> Task prompt
The lines wanted run from the first one below through the one with "Design Single Room, 1 King Bed". Return them exactly.

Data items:
::::::::

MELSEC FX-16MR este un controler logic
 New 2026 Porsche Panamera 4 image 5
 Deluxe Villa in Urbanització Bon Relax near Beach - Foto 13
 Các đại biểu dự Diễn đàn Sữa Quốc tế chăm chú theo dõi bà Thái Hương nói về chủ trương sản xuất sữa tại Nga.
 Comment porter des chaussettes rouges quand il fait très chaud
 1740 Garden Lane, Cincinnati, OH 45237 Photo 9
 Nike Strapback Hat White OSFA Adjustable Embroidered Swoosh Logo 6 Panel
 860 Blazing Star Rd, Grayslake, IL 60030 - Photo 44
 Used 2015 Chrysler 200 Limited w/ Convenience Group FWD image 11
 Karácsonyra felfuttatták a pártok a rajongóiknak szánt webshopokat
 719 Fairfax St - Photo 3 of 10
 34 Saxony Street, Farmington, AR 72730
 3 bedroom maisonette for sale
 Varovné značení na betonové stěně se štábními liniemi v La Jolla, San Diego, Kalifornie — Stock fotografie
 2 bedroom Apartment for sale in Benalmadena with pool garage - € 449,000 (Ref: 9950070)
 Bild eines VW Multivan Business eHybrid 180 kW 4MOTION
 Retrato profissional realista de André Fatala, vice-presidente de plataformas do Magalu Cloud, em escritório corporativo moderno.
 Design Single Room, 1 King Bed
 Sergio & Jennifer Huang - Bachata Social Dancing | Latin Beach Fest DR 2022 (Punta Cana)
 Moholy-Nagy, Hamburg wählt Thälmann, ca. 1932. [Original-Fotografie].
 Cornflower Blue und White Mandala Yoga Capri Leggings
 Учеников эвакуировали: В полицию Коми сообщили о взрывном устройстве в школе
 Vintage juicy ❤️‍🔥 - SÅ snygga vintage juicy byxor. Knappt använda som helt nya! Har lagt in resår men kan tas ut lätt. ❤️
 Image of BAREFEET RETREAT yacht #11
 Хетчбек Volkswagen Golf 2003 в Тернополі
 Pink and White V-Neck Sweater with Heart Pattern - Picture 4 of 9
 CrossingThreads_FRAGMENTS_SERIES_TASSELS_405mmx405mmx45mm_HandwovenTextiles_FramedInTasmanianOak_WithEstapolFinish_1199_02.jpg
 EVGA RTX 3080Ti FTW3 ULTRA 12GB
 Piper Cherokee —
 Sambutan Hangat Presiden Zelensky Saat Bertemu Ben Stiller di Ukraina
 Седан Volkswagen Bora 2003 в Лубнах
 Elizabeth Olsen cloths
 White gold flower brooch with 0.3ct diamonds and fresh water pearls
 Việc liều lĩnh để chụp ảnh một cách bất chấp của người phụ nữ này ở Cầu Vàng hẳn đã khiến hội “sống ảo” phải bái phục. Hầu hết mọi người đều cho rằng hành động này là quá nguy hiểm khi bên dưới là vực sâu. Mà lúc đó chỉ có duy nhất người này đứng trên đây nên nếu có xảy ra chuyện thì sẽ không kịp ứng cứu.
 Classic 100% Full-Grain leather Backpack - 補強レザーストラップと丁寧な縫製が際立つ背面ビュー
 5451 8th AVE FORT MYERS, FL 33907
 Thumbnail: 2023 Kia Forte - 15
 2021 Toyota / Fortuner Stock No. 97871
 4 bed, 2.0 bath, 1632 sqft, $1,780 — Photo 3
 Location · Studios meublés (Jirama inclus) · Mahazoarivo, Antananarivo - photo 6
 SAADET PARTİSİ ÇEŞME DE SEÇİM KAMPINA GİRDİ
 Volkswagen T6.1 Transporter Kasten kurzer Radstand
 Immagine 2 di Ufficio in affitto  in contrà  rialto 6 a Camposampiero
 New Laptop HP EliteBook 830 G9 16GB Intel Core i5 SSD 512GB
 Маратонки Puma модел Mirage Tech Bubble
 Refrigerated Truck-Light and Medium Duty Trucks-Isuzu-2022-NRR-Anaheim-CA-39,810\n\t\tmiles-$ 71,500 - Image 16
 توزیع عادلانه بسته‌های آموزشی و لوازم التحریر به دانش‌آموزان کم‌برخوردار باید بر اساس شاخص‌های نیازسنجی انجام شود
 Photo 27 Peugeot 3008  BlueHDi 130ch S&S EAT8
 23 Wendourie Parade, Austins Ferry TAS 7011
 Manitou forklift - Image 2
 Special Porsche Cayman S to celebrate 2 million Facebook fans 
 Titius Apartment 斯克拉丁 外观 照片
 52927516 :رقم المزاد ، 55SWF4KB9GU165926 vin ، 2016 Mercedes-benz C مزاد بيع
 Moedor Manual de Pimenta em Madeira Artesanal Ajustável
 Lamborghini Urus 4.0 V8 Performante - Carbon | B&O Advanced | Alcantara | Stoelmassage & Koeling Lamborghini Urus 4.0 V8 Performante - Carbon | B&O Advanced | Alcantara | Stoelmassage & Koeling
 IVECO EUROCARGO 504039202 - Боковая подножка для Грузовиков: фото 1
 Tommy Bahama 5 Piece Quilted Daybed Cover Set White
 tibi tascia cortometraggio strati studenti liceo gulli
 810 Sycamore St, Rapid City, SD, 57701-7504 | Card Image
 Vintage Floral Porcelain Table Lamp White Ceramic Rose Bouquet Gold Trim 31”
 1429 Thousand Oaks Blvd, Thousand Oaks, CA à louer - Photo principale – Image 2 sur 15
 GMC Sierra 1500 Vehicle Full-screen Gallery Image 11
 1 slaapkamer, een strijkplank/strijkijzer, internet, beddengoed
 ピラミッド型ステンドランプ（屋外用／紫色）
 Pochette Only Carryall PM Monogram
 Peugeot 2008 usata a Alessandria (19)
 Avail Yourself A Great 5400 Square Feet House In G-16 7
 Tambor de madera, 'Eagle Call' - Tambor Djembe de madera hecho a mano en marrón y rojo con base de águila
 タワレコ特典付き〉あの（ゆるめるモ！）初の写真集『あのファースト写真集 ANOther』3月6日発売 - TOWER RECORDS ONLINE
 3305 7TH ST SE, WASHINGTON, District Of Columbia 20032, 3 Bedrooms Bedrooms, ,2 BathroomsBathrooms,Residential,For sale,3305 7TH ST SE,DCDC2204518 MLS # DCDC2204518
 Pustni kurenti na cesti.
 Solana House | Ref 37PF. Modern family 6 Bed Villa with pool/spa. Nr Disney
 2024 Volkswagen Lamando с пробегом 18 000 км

::::::::

> Answer to this task
MELSEC FX-16MR este un controler logic
 New 2026 Porsche Panamera 4 image 5
 Deluxe Villa in Urbanització Bon Relax near Beach - Foto 13
 Các đại biểu dự Diễn đàn Sữa Quốc tế chăm chú theo dõi bà Thái Hương nói về chủ trương sản xuất sữa tại Nga.
 Comment porter des chaussettes rouges quand il fait très chaud
 1740 Garden Lane, Cincinnati, OH 45237 Photo 9
 Nike Strapback Hat White OSFA Adjustable Embroidered Swoosh Logo 6 Panel
 860 Blazing Star Rd, Grayslake, IL 60030 - Photo 44
 Used 2015 Chrysler 200 Limited w/ Convenience Group FWD image 11
 Karácsonyra felfuttatták a pártok a rajongóiknak szánt webshopokat
 719 Fairfax St - Photo 3 of 10
 34 Saxony Street, Farmington, AR 72730
 3 bedroom maisonette for sale
 Varovné značení na betonové stěně se štábními liniemi v La Jolla, San Diego, Kalifornie — Stock fotografie
 2 bedroom Apartment for sale in Benalmadena with pool garage - € 449,000 (Ref: 9950070)
 Bild eines VW Multivan Business eHybrid 180 kW 4MOTION
 Retrato profissional realista de André Fatala, vice-presidente de plataformas do Magalu Cloud, em escritório corporativo moderno.
 Design Single Room, 1 King Bed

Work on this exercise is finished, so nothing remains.